Under a process assigned on traditional leaders in Matabeleland and Midlands, government is planning a series of hearings among survivors of the holocaust.
Little has been said about bringing restorative justice in the current ostensible efforts to bury the dark past.
Addressing traditional leaders during an interface at the Bulawayo State House on Friday, Mnangagwa insisted the country was resolving the Gukurahundi issue in its own way and will not brook any external interference.
“The decision to resolve this issue on our own amongst ourselves is based on the realisation that none but ourselves can determine our destiny as a nation,” Mnangagwa said.
“I, therefore take this opportunity to urge everyone involved in this exercise to maintain heightened alertness for external influences that seek to derail our process and drive us back to a scenario of internal disputes and conflict.
“The unity of our nation must be guarded jealously against detractors both internal and external.”
Friday was the fourth meeting the Zimbabwe incumbent has had since 2019 with traditional chiefs focussing on resolving the emotive matter.
Critics say traditional chiefs have lost community trust and goodwill after they have been co-opted into the Zanu PF led government’s patronage system.
Chiefs have also been pampered with expensive gifts by government, making their cases too compromised and doubtful as conveyers of the survivors’ messages.

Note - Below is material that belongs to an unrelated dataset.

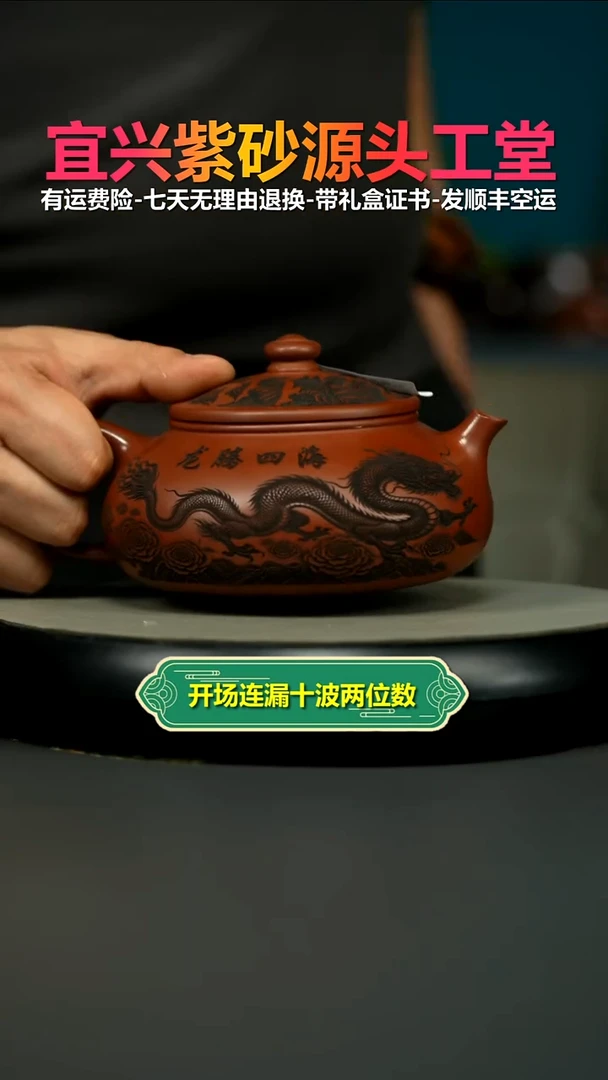 茶壶紫砂红皮龙龙腾四海大寒江520CC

“It is sad and unfortunate to look at how the attempt to deal with Gukurahundi is being trivialised,” said Mbuso Fuzwayo, coordinator with Bulawayo based Ibhetshu LiKazulu pressure group that has fronted initiatives to immortalise the Gukurahundi story while calling for restorative justice.
“There is no clear process to address this issue. There is no acknowledgement, no truth telling especially from the side of perpetrators. The process is not victim centred; it is perpetrator led.
“This matter can only be resolved by impartial, nonaligned people. Genocide is an international crime.”
Equally, Dr Samuekele Hadebe, leader of the small Freedom Alliance party, said Guukurahundi cannot be fully explained and understood without truth telling by the perpetrators.
He said the government is wasting time engaging traditional leaders to try and gauge, among other things, the number of those who felt victim during the holocaust.
“Those who killed people were the Zimbabwean army on payroll. The CIO were on payroll, the police were on payroll, prisons were on payroll, the Fifth Brigade were on payroll.
“Traditional chiefs are unnecessarily being burdened with the task.
“Every country has archives to refer to when information is required. When people are serious about getting information, they can just refer to those records,” he told a meeting in Bulawayo.
Hadebe added, “During the atrocities, there was a newspaper black out, journalists were not allowed to come in, those who covered it were said to have been writing lies.
“Indeed, that may have been true because some of the atrocities were committed in the dead of night and it was difficult for anybody to know about it.”
Hadebe said government efforts to remedy the atrocities should start with truth telling.
“Truth telling should be the first process. The truth should come out. Only the truth shall free us.”